Star Trek: Voyager did Kes and the fans no favors.
Star Trek is supposed to be an augmented mirror of sorts, where we can hold up realistic questions to it and see how it’d play out in a science fiction setting. This is the core tenant of the franchise and what makes Star Trek inherently Star Trek. That is its defining trait and the thing that makes Trek what it is. So when Voyager introduced the two-year-old Ocumpan and her boyfriend, the maybe-30-something Talaxian Neelix, no one was comfortable with that.
While Kes was an adult for her people, maybe as mature as Neelix was in that regard, all people heard was “two years old”. While species mix all the time in Star Trek, Neelix, and Kes dating was the ultimate argument against such a concept.
Kes was a Kazon slave, abused routinely until Neelix convinced the newly arrived Voyager crew to help rescue her. Kes and the other Ocampans were saved, and she and Neelix joined the crew of Voyager after the fact.
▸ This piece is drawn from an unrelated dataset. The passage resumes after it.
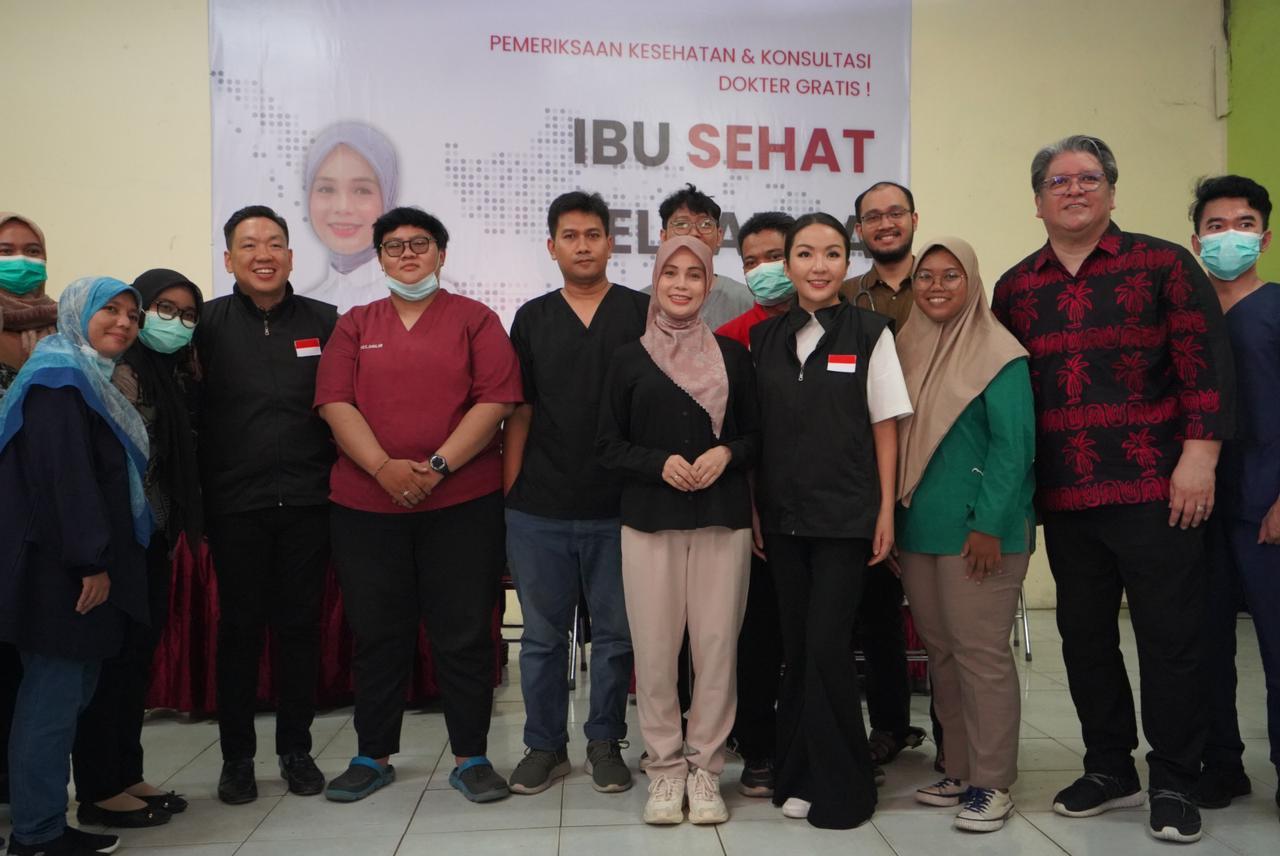 Siti-Atiqoh-Supriyanti-di-kegiatan-Ibu-Sehat-Keluarga-Kuat.jpg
The show often times painted Kes as a tad naive but very smart, while they painted Neelix as very possessive.
They were not a good couple and the fans hated them. It wasn’t just the way Neelix was written or the fact he started dating a two-year-old. It was the fact her character was designed to be a walking problem. Maybe the writers didn’t intend for this to happen, but the creation of Kes was a bad idea from the start.
Seriously, what were the writers of Star Trek: Voyager thinking when they created her
The writer deliberately created a character that would be controversial. They made it abundantly clear that she was two, and that she was only going to live a few more years. They then gave her a creepy adult boyfriend, despite barely being into adulthood herself, and then, randomly gave her random psychic powers to spice her up.
She was day-old fried squash when all the writers really wanted was a pizza. You can’t turn one into another. There was nothing you could do to “fix” Kes. She was doomed from the start. Everything about her was going to be highly problematic and that was by design. Why? I have no idea, but I’d love to ask the creators of her why they felt it was appropriate to explore an age-gap relationship with a two-year-old.
She was way too young, had an inappropriate boyfriend, came from an alien race with a stupidly short lifespan, and had random powers that emerge for plot reasons.
She was designed to be controversial, so why is anyone surprised she was?